In the given figure, LM ∥ BC. If AB = 6 cm, AL = 2 cm and AC = 9 cm, calculate :

(i) the length of CM,

(ii) Find the value of $\dfrac{\text{ar(ΔALM)}}{\text{ar(trap.
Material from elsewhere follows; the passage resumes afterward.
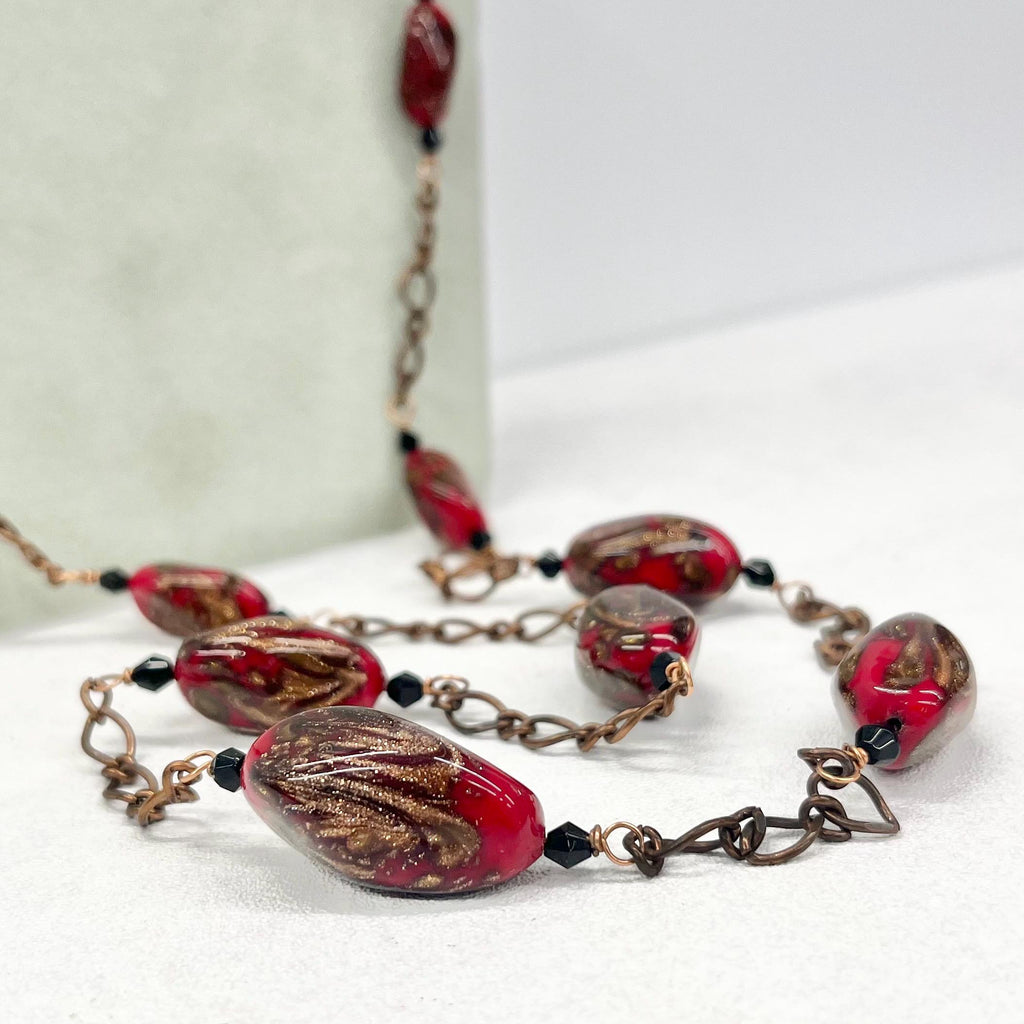 Vintage Red & Gold Aventurine Glass Bead Necklace 38” Long Handmade Lampwork Beads Copper Accents TheGreenGlassGemShop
LBCM)}}$.

(i) Given,

AB = 6 cm

AL = 2 cm

LB = AB - AL = 6 - 2 = 4 cm

AC = AM + MC

AM = AC - MC

AM = 9 - MC

In ΔAML and ΔABC,

∠AML = ∠ACB [Corresponding angles are equal]

∠LAM = ∠BAC [Common angle]

ΔAML ∼ ΔABC [By AA similarity]

We know that,

Corresponding sides of similar triangles are proportional.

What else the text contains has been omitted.